Start Date: August 20, 2012.
Desired Attributes: RRCC Faculty members should be exceptional educators, committed to excellence in teaching and learning. Desired qualities include:
•    Demonstrated ability teaching using a variety of teaching methods, including online; ITV; traditional; and outdoor laboratory settings.
•    Student centered with a strong focus on teaching and learning.
•    Effective written and verbal communication skills.
•    Community college and/or high school teaching experience.

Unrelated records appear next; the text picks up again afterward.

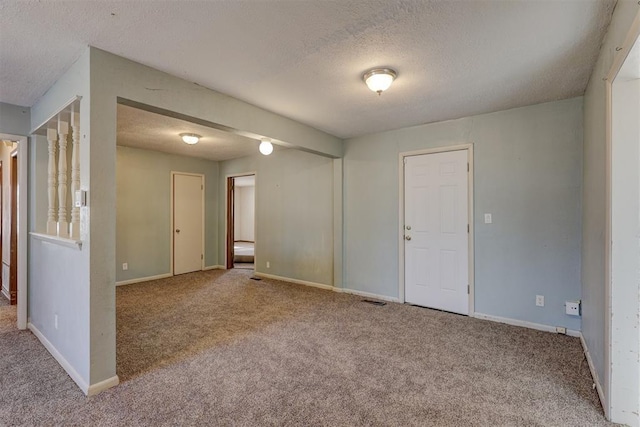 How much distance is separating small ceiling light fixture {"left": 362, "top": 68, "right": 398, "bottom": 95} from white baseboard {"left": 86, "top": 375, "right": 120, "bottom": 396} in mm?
2874

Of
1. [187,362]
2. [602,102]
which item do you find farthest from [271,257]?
[602,102]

Specific Duties: Duties include teaching a variety of natural science and chemistry lecture and lab courses utilizing traditional and outdoor lab settings, including: Principles of Chemistry I/II, Forensic Science, Environmental Science, Physical Science, Principles of Astronomy, and various Mathematics courses. Minimum Qualifications: Master's Degree with a major in Chemistry or a Master's Degree with a minimum of 16 semester credits (24 graduate quarter credits) in Chemistry. Preferred Qualifications: Graduate courses, or experience teaching in, physics, biology, ecology, geology, and mathematics. Strong interest and enthusiasm for the interdisciplinary nature of this position. Desire to participate in sustainability initiatives. Experience working collaboratively with other faculty. Application Requirements: A complete application must include the following letter expressing interest in and qualifications for the position, Current resume or CV, including a list of three to five professional references, academic transcripts (official will be required at the time of hire). Send materials to: Deb Falkowski, NHED Human Resources - CHEM Search RRCC, 1001 Chestnut Street W, Virginia, MN 55792, Phone: 218/749-7767, e-mail: d.falkowski@mr.mnscu.edu. E-mailed submissions preferred. Deadline to apply: March 23, 2012. Applications received after this date may be considered if the applicant pool is insufficient. Instructors work 171 days during a nine-month academic year and receive excellent benefits. Under the collective bargaining agreement with the Minnesota State College faculty (MSCF), new instructors to the Minnesota State College Faculty system receive a salary placement based on education and related experience after a job offer is accepted.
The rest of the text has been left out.